More than a year after American Honda Finance Corp. settled with regulators for potentially discriminatory auto lending, the settlement administrator is ready to begin sending eligibility forms to customers who may have been affected.
The forms are scheduled to go out within the next few days, according to a blog post on the Consumer Financial Protection Bureau web site, consumerfinance.gov.
In July 2015, American Honda Finance Corp., Honda’s captive finance arm, agreed to pay $25 million to settle CFPB and Justice Department discrimination claims.
The bulk of the settlement funds, $24 million, will be paid to customers who potentially were overcharged between Jan.1, 2011, and July 14, 2015. The remaining $1 million will be spent on consumer education programs.

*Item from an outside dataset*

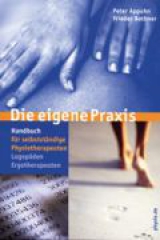 Die eigene Praxis - Peter Appuhn, Frieder Bothner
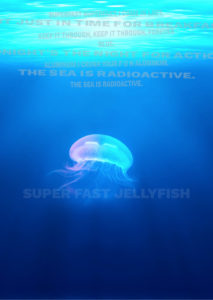 Superfast jellyfish poster example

As part of the settlement, the captive also agreed to cap dealer reserve -- the retail margin dealerships make for arranging an auto loan -- at 1 percentage point on loans longer than 60 months and 1.25 percentage points on loans of 60 months or fewer.
Borrowers will soon receive packets that identify the minimum amount of money they may be eligible for, but the actual payment amount may be higher, depending on the number of borrowers who participate in the settlement, Patrice Ficklin, fair lending director for the CFPB, said in a blog post on the CFPB’s website.
To receive a payment, customers must submit required forms by mail, email or online by Jan. 31, 2017.
If borrowers believe they are eligible but do not receive a participation packet by Oct. 17, they can fill out a claim eligibility form and submit it to the settlement administrator or call the settlement administrator at 855-891-9278.
The claim eligibility form says that the customer or at least one co-buyer must be African-American, Black, Hispanic, Latino, of Spanish origin, Asian, Native Hawaiian or other Pacific Islander. The customer must have also purchased a vehicle financed by American Honda Finance between Jan. 1, 2011, and July 14, 2015.
The claim eligibility form is available online in English and Spanish.
The CFPB and Department of Justice announced a similar settlement with Ally Financial in 2013 and with Toyota Motor Credit Corp. this year. Ally’s settlement administrator began contacting potentially eligible customers in June 2015. The CFPB has not yet said when a settlement administrator will contact Toyota Financial Services borrowers who may have been affected.